The results are still above what my median expectation would have been from this procedure before seeing the scores from o1, and highly welcome. More inference (on a log scale) makes o1 do somewhat better.
So, how did it go overall?
Maybe this isn’t fair, but looking at this chain of thought, I can’t help but think that the model is being… square? Dense? Slow? Terminally uncool?
That’s definitely how I would think about a human who had this chain of thought here. It gets the right answer, for the right reason, in the end, but… yeah. I somehow can’t imagine the same thing happening with a version based off of Sonnet or Opus?
Notice that all of this refers only to mundane safety, and specifically to whether the model follows OpenAI’s stated content policy. Does it correctly cooperate with the right user queries and refuse others? That’s a safety.
I’d also note that the jailbreaks this got tested against were essentially designed against models that don’t use deliberative alignment. So we should be prepared for new jailbreak strategies that are designed to work against o1’s chains of thought. They are fully aware of this issue.
Don’t get me wrong. This is good work, both the paper and the strategy. The world needs mundane safety. It’s a good thing. A pure ‘obey the rules’ strategy isn’t obviously wrong, especially in the short term.

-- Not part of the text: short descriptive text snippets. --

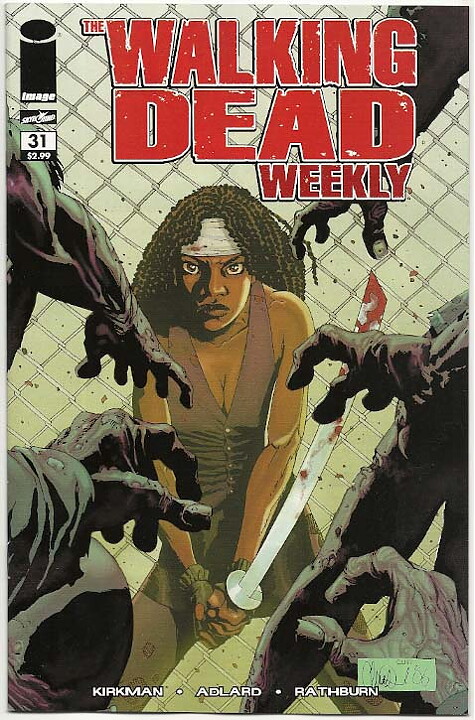 Walking Dead Weekly # 31 NM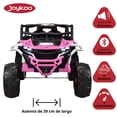 thumbnail image 3 of Montable Eléctrico Speed JOYKOO Rosa 12v, 3 of 7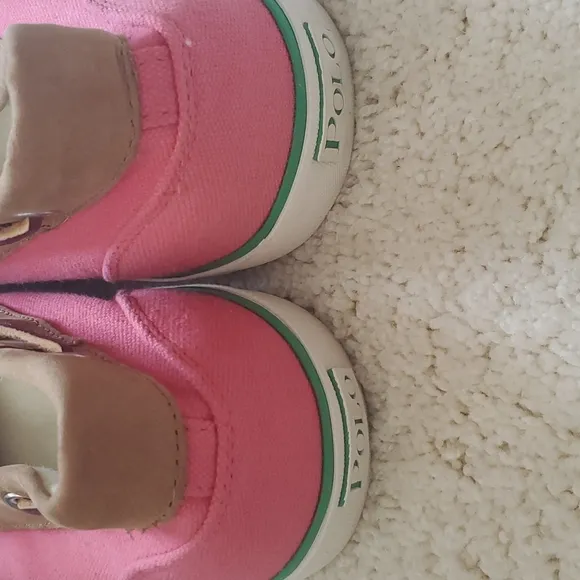 NWOT RARE Ralph Lauren Rylander Boat Shoes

But this is only part of the picture. We need to know more about what other alignment efforts are underway at OpenAI that aim at the places DA doesn’t. Now that we are at o3, ‘it won’t agree to help with queries that explicitly violate our policy’ might already not be a sufficient plan even if successful, and if it is now it won’t stay that way for long if Noam Brown is right that progress will continue at this pace.
Another way of putting my concern is that Deliberative Alignment is a great technique for taking an aligned AI that makes mistakes within a fixed written framework, and turning it into an AI that avoids those mistakes, and thus successfully gives you aligned outputs within that framework. Whereas if your AI is not properly aligned, giving it Deliberative Alignment only helps it to do the wrong thing.

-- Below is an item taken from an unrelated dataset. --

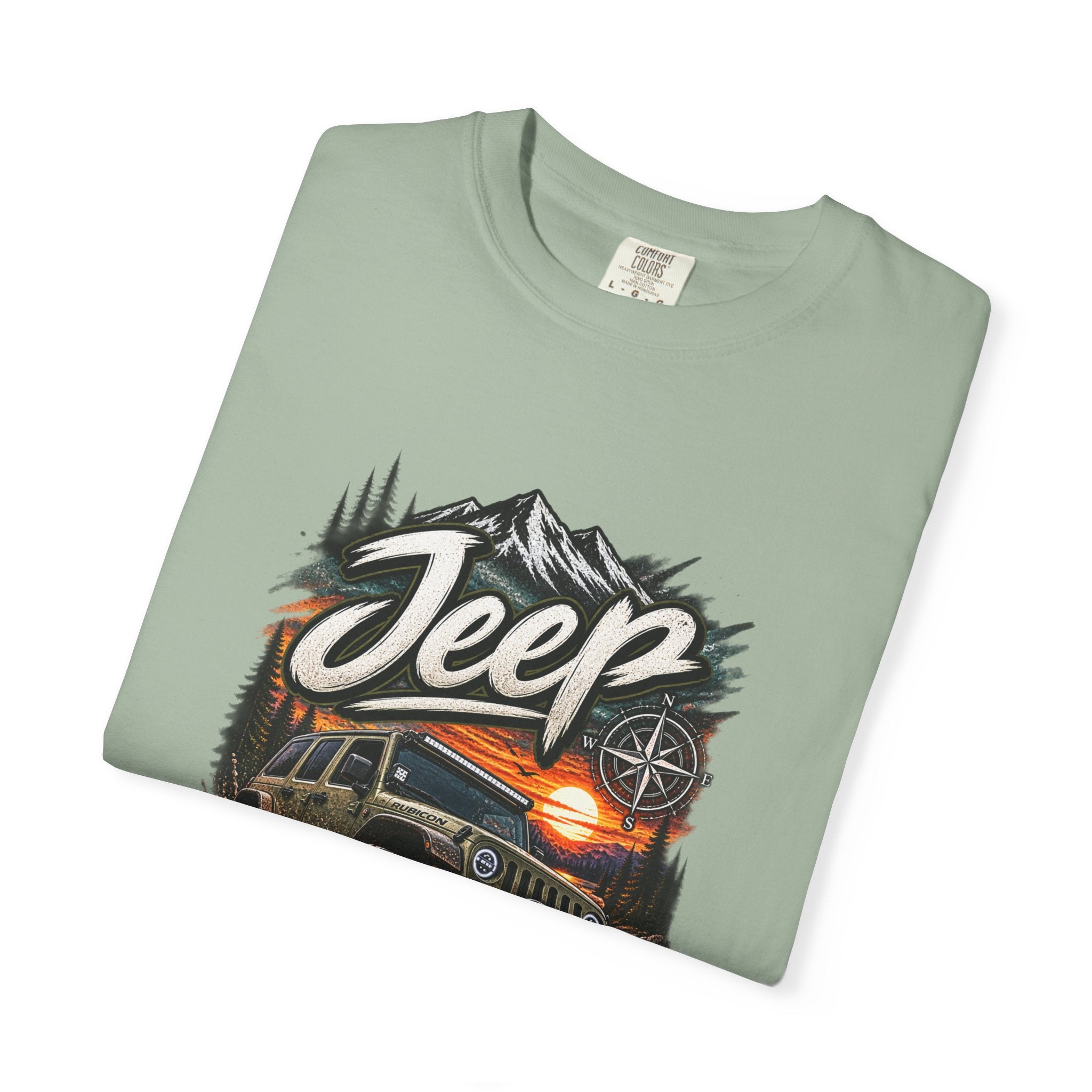 Jeep 'Hair Don't Care' Graphic T-Shirt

It’s kind of like telling a person to slow down and figure out how to comply with the manual of regulations. Provided you have the time to slow down, that’s a great strategy… to the extent the two of you are on the same page, on a fundamental level, on what is right, and also this is sufficiently and precisely reflected in the manual of regulations.

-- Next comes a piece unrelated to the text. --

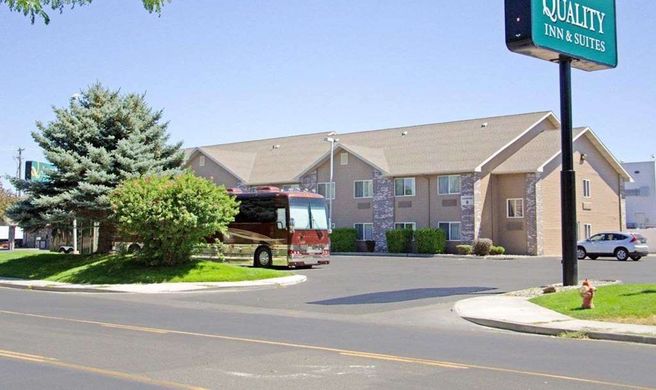 Quality Inn & Suites Twin Falls Exterior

Otherwise, you have a problem. And you plausibly made it a lot worse.
I do have thoughts on how to do a different version of this, that changes various key elements, and that could move from ‘I am confident I know at least one reason why this wouldn’t work’ to ‘I presume various things go wrong but I do not know a particular reason this won’t work.’ I hope to write that up soon.
Agree with this diagnosis. Another general issue for deontological-style alignment is that there seems not to be a simple and obvious way to deal with things like risk, tradeoffs and the possibility of conflicting obligations -- e.g. if the rule is "don't do X", and the model thinks there's an n% chance that taking action A will cause X, under what circumstances can it do A? What if there's a forced choice between two different types of forbidden action? Or between an action which is epsilon percent likely to break a major rule and one that's 1 - epsilon percent likely to break a minor rule?
Seems like the choices are either to rely on whatever passes for the model's common sense to resolve these sorts of issues (yikes) or to try to specify all the relevant principles by hand (which takes you out of nice-simple-deontological-rules territory, and which you won't get right anyway).
OpenAI's publication seems a bit rushed. Note that the blogpost and paper sometimes call it 'deliberate alignment'!